··· PROVIDED INFORMATION

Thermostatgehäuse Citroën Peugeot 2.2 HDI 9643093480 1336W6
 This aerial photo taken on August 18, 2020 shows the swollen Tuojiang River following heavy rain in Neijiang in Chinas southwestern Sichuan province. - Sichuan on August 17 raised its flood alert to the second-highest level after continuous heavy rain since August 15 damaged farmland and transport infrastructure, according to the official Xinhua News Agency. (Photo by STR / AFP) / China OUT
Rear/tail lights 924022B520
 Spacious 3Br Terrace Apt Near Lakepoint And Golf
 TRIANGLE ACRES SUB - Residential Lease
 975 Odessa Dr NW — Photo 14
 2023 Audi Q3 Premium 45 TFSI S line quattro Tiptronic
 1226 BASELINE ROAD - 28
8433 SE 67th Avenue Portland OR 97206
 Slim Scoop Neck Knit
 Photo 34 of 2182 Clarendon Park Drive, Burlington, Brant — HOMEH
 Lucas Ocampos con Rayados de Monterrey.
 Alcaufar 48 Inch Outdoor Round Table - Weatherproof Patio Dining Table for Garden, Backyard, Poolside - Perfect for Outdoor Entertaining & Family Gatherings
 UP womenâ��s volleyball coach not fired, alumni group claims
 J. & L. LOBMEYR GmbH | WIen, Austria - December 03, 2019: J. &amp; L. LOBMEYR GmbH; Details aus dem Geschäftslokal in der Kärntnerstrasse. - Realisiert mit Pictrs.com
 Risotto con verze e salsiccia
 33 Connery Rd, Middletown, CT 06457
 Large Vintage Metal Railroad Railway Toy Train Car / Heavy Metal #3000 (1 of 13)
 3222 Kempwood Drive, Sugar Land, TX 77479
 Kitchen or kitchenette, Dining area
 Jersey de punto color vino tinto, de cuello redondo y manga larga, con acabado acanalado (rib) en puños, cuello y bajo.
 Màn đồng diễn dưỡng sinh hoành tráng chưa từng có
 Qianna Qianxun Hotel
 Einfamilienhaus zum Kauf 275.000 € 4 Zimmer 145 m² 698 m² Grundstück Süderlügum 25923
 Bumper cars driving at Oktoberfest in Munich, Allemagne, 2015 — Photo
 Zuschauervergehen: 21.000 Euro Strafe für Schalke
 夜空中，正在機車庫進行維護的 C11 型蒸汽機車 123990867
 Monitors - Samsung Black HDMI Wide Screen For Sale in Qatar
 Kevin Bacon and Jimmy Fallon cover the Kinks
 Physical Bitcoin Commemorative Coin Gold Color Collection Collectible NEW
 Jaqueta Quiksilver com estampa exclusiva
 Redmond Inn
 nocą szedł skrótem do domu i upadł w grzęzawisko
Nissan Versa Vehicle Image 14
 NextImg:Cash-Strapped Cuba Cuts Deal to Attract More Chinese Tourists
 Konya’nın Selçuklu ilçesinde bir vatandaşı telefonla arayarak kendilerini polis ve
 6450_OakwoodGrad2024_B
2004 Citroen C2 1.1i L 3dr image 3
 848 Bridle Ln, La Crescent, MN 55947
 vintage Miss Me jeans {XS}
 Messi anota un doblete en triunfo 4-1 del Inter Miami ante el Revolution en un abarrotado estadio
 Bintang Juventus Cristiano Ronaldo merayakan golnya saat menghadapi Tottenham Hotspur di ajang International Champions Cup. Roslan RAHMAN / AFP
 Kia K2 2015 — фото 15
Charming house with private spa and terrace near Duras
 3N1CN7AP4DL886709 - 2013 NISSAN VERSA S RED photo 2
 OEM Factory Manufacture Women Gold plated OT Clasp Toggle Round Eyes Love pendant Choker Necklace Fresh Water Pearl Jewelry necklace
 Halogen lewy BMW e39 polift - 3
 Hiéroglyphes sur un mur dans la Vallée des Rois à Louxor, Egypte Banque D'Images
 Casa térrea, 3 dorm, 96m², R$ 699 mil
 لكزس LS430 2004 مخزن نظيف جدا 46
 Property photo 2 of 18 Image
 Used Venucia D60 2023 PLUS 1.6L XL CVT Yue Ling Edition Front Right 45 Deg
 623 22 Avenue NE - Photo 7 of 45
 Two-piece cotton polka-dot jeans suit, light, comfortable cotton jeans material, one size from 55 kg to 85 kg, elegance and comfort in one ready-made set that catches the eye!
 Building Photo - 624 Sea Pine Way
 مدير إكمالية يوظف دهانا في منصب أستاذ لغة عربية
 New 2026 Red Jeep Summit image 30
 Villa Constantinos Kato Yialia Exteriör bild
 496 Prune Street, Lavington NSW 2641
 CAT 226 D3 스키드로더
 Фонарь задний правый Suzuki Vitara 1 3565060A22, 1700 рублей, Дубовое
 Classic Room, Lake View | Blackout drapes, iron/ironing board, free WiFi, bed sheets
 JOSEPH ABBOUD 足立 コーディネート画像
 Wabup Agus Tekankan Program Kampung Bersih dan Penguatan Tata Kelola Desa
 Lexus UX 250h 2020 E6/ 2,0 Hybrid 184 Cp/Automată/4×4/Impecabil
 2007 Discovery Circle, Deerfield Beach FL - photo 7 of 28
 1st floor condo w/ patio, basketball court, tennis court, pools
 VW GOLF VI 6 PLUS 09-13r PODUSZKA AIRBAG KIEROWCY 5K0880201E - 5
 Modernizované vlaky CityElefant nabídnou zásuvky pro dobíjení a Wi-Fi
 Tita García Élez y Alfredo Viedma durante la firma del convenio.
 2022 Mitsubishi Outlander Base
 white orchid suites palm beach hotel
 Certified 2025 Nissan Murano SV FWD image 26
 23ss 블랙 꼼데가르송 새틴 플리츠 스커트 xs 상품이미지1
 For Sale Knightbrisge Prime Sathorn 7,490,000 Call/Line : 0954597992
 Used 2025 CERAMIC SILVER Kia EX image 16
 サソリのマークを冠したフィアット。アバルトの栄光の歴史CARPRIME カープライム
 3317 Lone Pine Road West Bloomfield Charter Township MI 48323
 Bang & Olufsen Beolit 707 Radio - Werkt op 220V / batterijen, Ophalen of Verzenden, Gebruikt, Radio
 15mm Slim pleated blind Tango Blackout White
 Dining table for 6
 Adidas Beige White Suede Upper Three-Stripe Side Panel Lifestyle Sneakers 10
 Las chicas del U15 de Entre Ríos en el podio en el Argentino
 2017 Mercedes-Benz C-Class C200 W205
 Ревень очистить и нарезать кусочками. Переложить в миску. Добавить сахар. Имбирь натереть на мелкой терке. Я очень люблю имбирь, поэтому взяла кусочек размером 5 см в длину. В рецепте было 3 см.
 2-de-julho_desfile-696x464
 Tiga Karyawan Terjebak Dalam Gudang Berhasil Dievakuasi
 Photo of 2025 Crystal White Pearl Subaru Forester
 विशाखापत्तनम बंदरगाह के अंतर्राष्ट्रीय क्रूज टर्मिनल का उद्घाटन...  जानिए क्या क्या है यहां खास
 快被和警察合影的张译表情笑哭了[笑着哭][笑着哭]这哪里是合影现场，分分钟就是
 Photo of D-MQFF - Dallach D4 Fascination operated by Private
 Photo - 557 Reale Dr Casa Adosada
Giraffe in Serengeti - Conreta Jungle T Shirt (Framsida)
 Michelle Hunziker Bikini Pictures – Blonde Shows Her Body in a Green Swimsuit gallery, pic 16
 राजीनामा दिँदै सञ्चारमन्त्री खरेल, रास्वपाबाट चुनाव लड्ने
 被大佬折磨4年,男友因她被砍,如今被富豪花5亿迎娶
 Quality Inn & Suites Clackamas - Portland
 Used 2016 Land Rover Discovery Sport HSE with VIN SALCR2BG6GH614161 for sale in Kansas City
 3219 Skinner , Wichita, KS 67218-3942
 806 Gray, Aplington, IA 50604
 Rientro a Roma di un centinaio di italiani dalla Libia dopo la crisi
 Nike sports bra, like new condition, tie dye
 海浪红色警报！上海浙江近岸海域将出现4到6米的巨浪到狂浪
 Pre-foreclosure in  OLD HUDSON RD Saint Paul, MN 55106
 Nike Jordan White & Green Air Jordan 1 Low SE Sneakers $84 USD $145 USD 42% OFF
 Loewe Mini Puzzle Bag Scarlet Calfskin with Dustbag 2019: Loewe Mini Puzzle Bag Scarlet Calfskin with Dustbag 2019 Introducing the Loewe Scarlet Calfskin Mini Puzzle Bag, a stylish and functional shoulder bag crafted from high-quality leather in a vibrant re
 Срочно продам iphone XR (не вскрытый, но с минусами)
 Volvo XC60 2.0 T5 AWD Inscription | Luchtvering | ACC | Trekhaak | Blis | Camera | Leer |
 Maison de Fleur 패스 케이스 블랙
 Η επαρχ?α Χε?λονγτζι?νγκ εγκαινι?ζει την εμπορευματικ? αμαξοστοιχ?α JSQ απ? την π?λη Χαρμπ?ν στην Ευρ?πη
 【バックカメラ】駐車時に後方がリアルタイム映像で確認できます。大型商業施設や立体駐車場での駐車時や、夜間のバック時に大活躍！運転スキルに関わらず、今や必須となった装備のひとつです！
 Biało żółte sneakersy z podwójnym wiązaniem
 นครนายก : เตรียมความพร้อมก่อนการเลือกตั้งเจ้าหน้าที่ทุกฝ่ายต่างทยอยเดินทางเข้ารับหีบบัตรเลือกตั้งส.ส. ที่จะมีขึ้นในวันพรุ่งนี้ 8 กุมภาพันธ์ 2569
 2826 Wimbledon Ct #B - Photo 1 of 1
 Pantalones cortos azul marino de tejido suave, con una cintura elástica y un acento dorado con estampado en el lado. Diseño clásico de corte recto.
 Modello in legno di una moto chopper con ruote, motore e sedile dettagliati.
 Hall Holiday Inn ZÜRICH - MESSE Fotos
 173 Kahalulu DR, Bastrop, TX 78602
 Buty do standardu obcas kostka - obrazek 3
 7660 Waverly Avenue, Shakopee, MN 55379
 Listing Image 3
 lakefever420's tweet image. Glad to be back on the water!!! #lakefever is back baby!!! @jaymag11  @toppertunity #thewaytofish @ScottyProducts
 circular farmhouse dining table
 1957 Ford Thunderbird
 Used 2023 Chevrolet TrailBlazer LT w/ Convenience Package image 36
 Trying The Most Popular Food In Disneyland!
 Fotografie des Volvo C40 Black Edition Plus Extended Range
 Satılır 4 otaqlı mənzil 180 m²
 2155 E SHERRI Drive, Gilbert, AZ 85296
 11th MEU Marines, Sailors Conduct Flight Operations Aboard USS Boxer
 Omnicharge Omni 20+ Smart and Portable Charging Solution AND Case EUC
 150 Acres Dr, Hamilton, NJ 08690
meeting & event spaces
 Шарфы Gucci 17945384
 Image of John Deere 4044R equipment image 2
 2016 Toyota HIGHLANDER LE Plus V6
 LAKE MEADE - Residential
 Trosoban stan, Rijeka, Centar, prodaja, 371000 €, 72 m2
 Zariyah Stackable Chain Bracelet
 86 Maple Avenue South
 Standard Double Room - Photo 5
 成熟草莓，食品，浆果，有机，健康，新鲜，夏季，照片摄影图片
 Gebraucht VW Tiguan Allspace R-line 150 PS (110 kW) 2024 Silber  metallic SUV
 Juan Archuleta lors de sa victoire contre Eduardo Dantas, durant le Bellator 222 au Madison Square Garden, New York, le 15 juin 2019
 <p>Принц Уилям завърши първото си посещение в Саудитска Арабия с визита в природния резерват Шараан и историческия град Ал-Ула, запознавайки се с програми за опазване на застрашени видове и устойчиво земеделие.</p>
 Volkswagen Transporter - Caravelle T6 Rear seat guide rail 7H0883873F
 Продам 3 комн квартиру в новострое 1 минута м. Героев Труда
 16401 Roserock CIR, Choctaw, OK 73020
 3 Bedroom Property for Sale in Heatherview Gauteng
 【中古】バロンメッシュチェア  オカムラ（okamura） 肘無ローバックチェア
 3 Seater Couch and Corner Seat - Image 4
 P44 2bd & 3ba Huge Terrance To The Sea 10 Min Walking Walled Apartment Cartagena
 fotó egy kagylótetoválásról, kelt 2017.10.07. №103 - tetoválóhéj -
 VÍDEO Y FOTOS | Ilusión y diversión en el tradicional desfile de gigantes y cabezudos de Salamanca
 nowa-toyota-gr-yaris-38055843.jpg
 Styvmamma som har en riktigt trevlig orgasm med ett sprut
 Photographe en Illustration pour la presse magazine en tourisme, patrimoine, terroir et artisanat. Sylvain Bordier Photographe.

······

AIM OF THE EXERCISE:
Please return only the lines above, starting at the line that has "150 Acres Dr, Hamilton, NJ 08690" and ending at the line that has "P44 2bd & 3ba", keeping both and leaving each one unchanged.

SOLVED EXERCISE:
 150 Acres Dr, Hamilton, NJ 08690
meeting & event spaces
 Шарфы Gucci 17945384
 Image of John Deere 4044R equipment image 2
 2016 Toyota HIGHLANDER LE Plus V6
 LAKE MEADE - Residential
 Trosoban stan, Rijeka, Centar, prodaja, 371000 €, 72 m2
 Zariyah Stackable Chain Bracelet
 86 Maple Avenue South
 Standard Double Room - Photo 5
 成熟草莓，食品，浆果，有机，健康，新鲜，夏季，照片摄影图片
 Gebraucht VW Tiguan Allspace R-line 150 PS (110 kW) 2024 Silber  metallic SUV
 Juan Archuleta lors de sa victoire contre Eduardo Dantas, durant le Bellator 222 au Madison Square Garden, New York, le 15 juin 2019
 <p>Принц Уилям завърши първото си посещение в Саудитска Арабия с визита в природния резерват Шараан и историческия град Ал-Ула, запознавайки се с програми за опазване на застрашени видове и устойчиво земеделие.</p>
 Volkswagen Transporter - Caravelle T6 Rear seat guide rail 7H0883873F
 Продам 3 комн квартиру в новострое 1 минута м. Героев Труда
 16401 Roserock CIR, Choctaw, OK 73020
 3 Bedroom Property for Sale in Heatherview Gauteng
 【中古】バロンメッシュチェア  オカムラ（okamura） 肘無ローバックチェア
 3 Seater Couch and Corner Seat - Image 4
 P44 2bd & 3ba Huge Terrance To The Sea 10 Min Walking Walled Apartment Cartagena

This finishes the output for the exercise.